*** Opening of DATASET ***

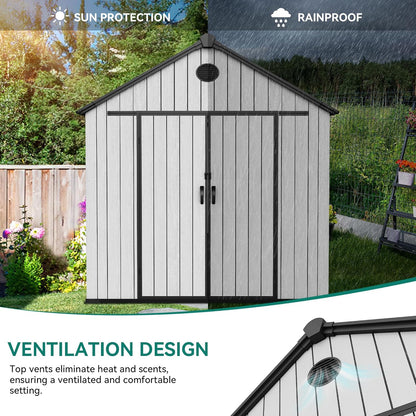 YITAHOME 8x16 FT Outdoor Storage Shed with Floor, Waterproof Plastic Garden Shed with Lockable Doors, 2 Vents & 3 Windows, 875 cu. ft. Resin Shed for Tools, Bikes, Patio or Backyard, Gray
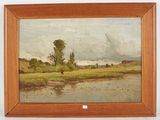 une peinture à l'huile représentant un paysage avec une rivière et une personne au loin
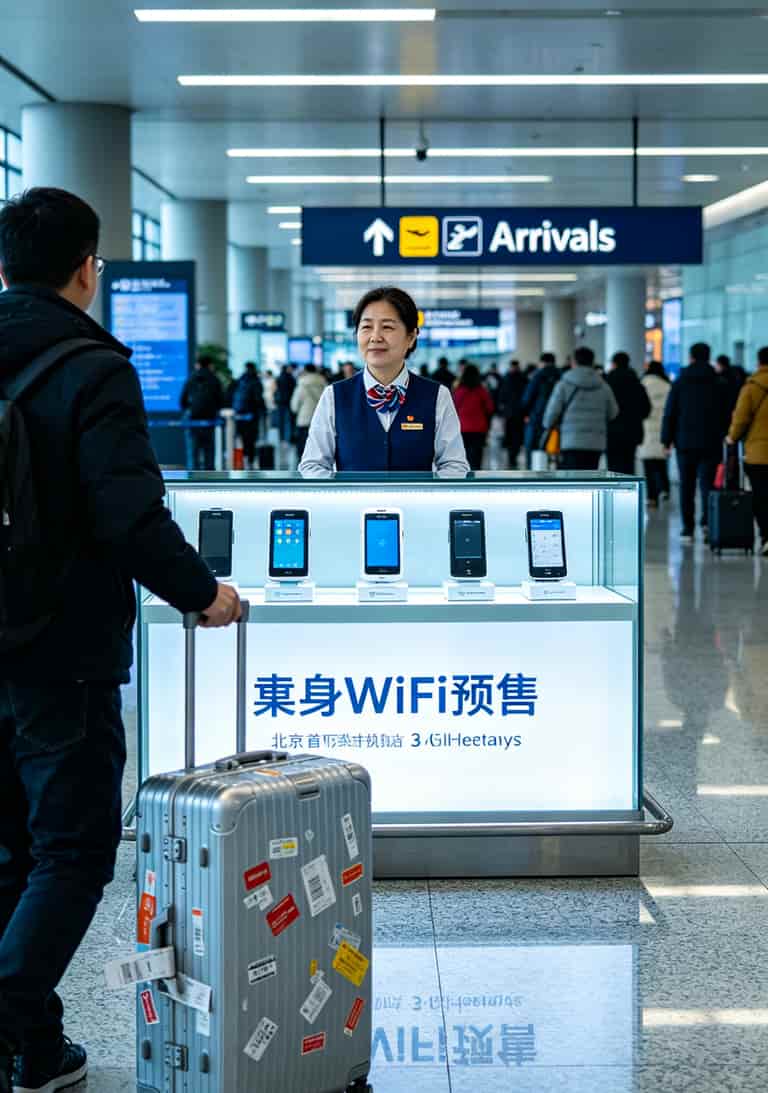 北京首都机场T3航站楼的随身WiFi租赁柜台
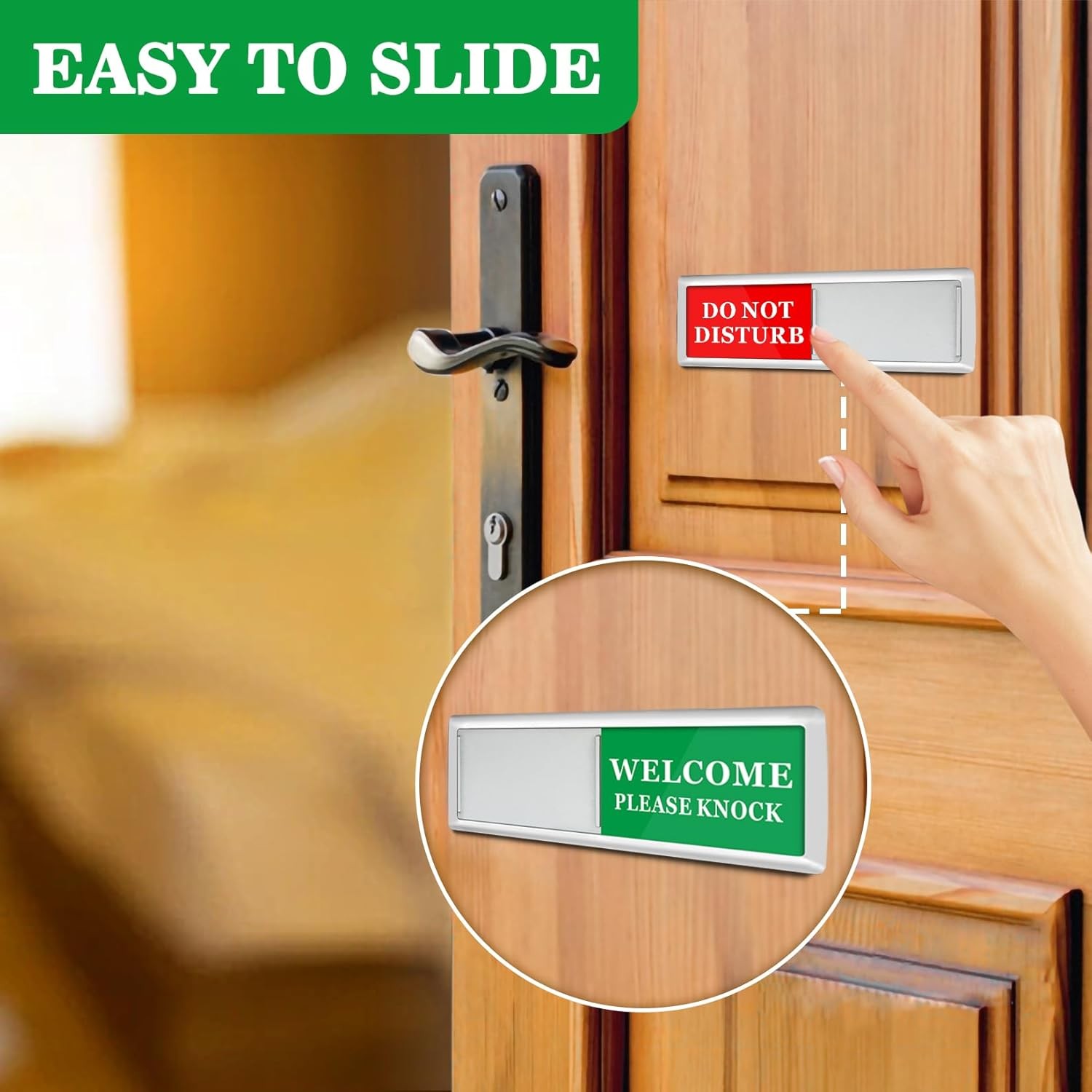 Do Not Disturb Door Hanger Sign - Meeting in Progress Green, Red gallery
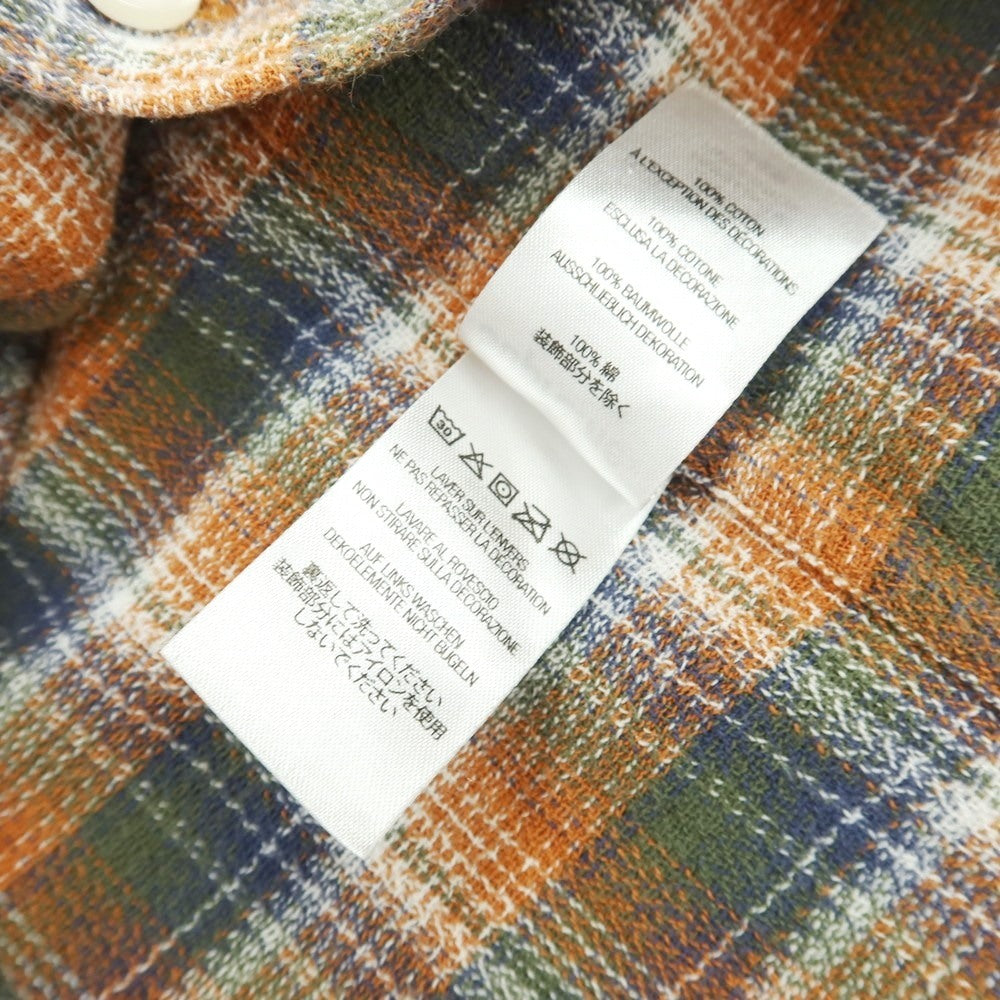 【中古】シュプリーム Supreme 2022年春夏 Plaid S/S Shirt コットン チェック 半袖シャツ オレンジxオリーブ【サイズS】【 状態ランクB 】【 メンズ 】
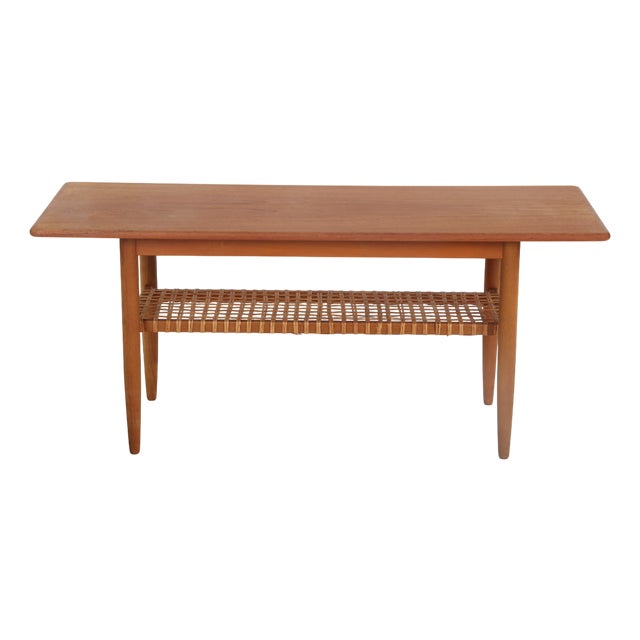 Danish Teak with Woven Shelf Coffee Table, 1950s For Sale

*** Close of DATASET ***

**DIRECTIONS FOR THIS TASK:** A faithful, word-for-word copy of the data is needed; the pictures should not appear in it.

**OUTPUT BELOW:**
 YITAHOME 8x16 FT Outdoor Storage Shed with Floor, Waterproof Plastic Garden Shed with Lockable Doors, 2 Vents & 3 Windows, 875 cu. ft. Resin Shed for Tools, Bikes, Patio or Backyard, Gray
 une peinture à l'huile représentant un paysage avec une rivière et une personne au loin
 北京首都机场T3航站楼的随身WiFi租赁柜台
 Do Not Disturb Door Hanger Sign - Meeting in Progress Green, Red gallery
 【中古】シュプリーム Supreme 2022年春夏 Plaid S/S Shirt コットン チェック 半袖シャツ オレンジxオリーブ【サイズS】【 状態ランクB 】【 メンズ 】
 Danish Teak with Woven Shelf Coffee Table, 1950s For Sale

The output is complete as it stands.